◆ **Exercise**: Make an exact copy of every record that follows.

=== Begin Enclosure ===

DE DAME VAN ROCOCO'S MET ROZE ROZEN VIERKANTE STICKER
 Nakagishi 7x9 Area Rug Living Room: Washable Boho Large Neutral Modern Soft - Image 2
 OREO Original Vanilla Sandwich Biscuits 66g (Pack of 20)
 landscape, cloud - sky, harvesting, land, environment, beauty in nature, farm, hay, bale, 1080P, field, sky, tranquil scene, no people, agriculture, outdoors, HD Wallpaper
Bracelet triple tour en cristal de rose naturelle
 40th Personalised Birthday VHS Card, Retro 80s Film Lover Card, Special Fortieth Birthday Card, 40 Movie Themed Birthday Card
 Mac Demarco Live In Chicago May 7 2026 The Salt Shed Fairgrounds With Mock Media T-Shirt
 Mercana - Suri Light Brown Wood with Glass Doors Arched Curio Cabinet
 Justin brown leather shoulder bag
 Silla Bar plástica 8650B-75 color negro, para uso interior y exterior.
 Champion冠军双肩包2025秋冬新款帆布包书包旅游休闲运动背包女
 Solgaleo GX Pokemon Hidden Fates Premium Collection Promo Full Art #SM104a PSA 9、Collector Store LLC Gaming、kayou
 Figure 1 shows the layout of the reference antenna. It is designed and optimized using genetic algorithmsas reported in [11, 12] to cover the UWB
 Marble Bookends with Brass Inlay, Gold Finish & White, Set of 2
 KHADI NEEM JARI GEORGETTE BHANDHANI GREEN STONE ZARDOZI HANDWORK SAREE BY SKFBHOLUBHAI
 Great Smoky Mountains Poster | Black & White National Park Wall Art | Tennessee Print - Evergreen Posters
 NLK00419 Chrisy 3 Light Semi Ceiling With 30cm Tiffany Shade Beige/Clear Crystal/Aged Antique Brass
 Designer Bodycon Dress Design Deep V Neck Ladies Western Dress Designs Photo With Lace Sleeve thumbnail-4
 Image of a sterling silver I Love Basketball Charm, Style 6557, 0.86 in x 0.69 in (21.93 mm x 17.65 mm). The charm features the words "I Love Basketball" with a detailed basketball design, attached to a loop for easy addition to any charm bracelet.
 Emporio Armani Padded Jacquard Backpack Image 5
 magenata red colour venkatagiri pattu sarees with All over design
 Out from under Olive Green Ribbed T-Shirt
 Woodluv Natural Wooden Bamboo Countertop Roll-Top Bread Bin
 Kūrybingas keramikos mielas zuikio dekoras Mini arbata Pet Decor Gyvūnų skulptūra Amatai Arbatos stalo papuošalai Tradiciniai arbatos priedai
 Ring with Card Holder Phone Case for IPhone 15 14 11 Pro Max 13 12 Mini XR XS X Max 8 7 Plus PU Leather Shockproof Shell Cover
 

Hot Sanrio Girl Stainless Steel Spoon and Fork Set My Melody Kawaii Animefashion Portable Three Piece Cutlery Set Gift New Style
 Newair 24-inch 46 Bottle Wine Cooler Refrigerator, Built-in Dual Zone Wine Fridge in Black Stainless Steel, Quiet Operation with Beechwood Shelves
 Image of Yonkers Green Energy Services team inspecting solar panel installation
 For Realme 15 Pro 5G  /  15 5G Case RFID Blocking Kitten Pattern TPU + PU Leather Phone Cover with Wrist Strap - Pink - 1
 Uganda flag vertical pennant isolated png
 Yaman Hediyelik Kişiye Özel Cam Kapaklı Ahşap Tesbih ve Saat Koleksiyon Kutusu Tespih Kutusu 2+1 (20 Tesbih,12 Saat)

=== End Enclosure ===

◆ **Output for this exercise**:
DE DAME VAN ROCOCO'S MET ROZE ROZEN VIERKANTE STICKER
 Nakagishi 7x9 Area Rug Living Room: Washable Boho Large Neutral Modern Soft - Image 2
 OREO Original Vanilla Sandwich Biscuits 66g (Pack of 20)
 landscape, cloud - sky, harvesting, land, environment, beauty in nature, farm, hay, bale, 1080P, field, sky, tranquil scene, no people, agriculture, outdoors, HD Wallpaper
Bracelet triple tour en cristal de rose naturelle
 40th Personalised Birthday VHS Card, Retro 80s Film Lover Card, Special Fortieth Birthday Card, 40 Movie Themed Birthday Card
 Mac Demarco Live In Chicago May 7 2026 The Salt Shed Fairgrounds With Mock Media T-Shirt
 Mercana - Suri Light Brown Wood with Glass Doors Arched Curio Cabinet
 Justin brown leather shoulder bag
 Silla Bar plástica 8650B-75 color negro, para uso interior y exterior.
 Champion冠军双肩包2025秋冬新款帆布包书包旅游休闲运动背包女
 Solgaleo GX Pokemon Hidden Fates Premium Collection Promo Full Art #SM104a PSA 9、Collector Store LLC Gaming、kayou
 Figure 1 shows the layout of the reference antenna. It is designed and optimized using genetic algorithmsas reported in [11, 12] to cover the UWB
 Marble Bookends with Brass Inlay, Gold Finish & White, Set of 2
 KHADI NEEM JARI GEORGETTE BHANDHANI GREEN STONE ZARDOZI HANDWORK SAREE BY SKFBHOLUBHAI
 Great Smoky Mountains Poster | Black & White National Park Wall Art | Tennessee Print - Evergreen Posters
 NLK00419 Chrisy 3 Light Semi Ceiling With 30cm Tiffany Shade Beige/Clear Crystal/Aged Antique Brass
 Designer Bodycon Dress Design Deep V Neck Ladies Western Dress Designs Photo With Lace Sleeve thumbnail-4
 Image of a sterling silver I Love Basketball Charm, Style 6557, 0.86 in x 0.69 in (21.93 mm x 17.65 mm). The charm features the words "I Love Basketball" with a detailed basketball design, attached to a loop for easy addition to any charm bracelet.
 Emporio Armani Padded Jacquard Backpack Image 5
 magenata red colour venkatagiri pattu sarees with All over design
 Out from under Olive Green Ribbed T-Shirt
 Woodluv Natural Wooden Bamboo Countertop Roll-Top Bread Bin
 Kūrybingas keramikos mielas zuikio dekoras Mini arbata Pet Decor Gyvūnų skulptūra Amatai Arbatos stalo papuošalai Tradiciniai arbatos priedai
 Ring with Card Holder Phone Case for IPhone 15 14 11 Pro Max 13 12 Mini XR XS X Max 8 7 Plus PU Leather Shockproof Shell Cover
 

Hot Sanrio Girl Stainless Steel Spoon and Fork Set My Melody Kawaii Animefashion Portable Three Piece Cutlery Set Gift New Style
 Newair 24-inch 46 Bottle Wine Cooler Refrigerator, Built-in Dual Zone Wine Fridge in Black Stainless Steel, Quiet Operation with Beechwood Shelves
 Image of Yonkers Green Energy Services team inspecting solar panel installation
 For Realme 15 Pro 5G  /  15 5G Case RFID Blocking Kitten Pattern TPU + PU Leather Phone Cover with Wrist Strap - Pink - 1
 Uganda flag vertical pennant isolated png
 Yaman Hediyelik Kişiye Özel Cam Kapaklı Ahşap Tesbih ve Saat Koleksiyon Kutusu Tespih Kutusu 2+1 (20 Tesbih,12 Saat)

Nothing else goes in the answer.